The "Cosmology and Galaxy Evolution" team (LCEG) focuses on the study of the formation, evolution, and physical properties of large cosmological structures, galaxy clusters, galaxies themselves, and their internal structures, extending to large-scale star formation. These structures are studied across cosmic time, from the birth of the first galaxies to the closest objects today. These studies are conducted using multi-wavelength observations with state-of-the-art observatories (ALMA, JWST, VLT, IRAM, and Euclid), complemented by advanced cosmological and galaxy evolution simulations using Europe's largest supercomputers. Continuous interaction between observations and simulations is sought to maximize data interpretation and provide the best constraints for structure formation models.
Key questions AIM addresses with LCEG include:
- When and how do the largest structures in the Universe form, how are they shaped by dark energy and the nature of dark matter, and how do they feed galaxies by driving baryonic flows along the cosmic web?
- When do the first galaxy proto-clusters emerge, and how do they evolve into modern galaxy clusters? How can they be robustly detected and characterized across cosmic time to constrain underlying cosmological models?

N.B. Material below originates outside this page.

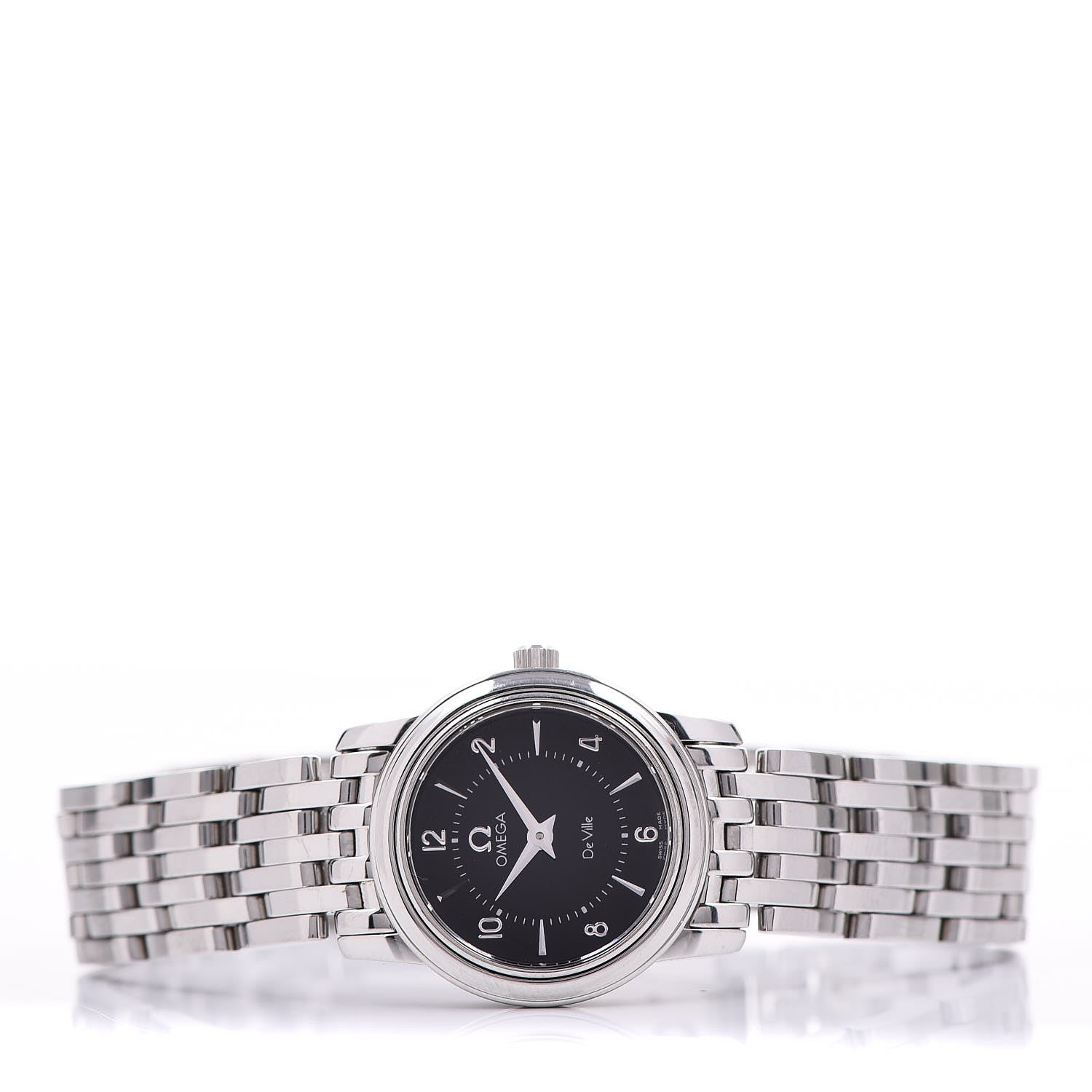 Omega Stainless Steel 22mm De Ville Quartz Watch Black 4570.50 2 of 7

- How do massive galaxies assemble most of their mass through mergers and gas accretion, and how do they evolve into the modern Hubble Sequence?
- What regulates star formation on a galactic scale, why do most galaxies transform their gas into stars at a steady rate, while a few rare objects become starburst galaxies, and the most massive galaxies end up quenched, ceasing to form stars?
- What is the role of feedback mechanisms (supernovae, stellar radiation, AGN, cosmic rays, etc.) in regulating galaxy growth and supplying the intergalactic medium with recycled, metal-enriched gas?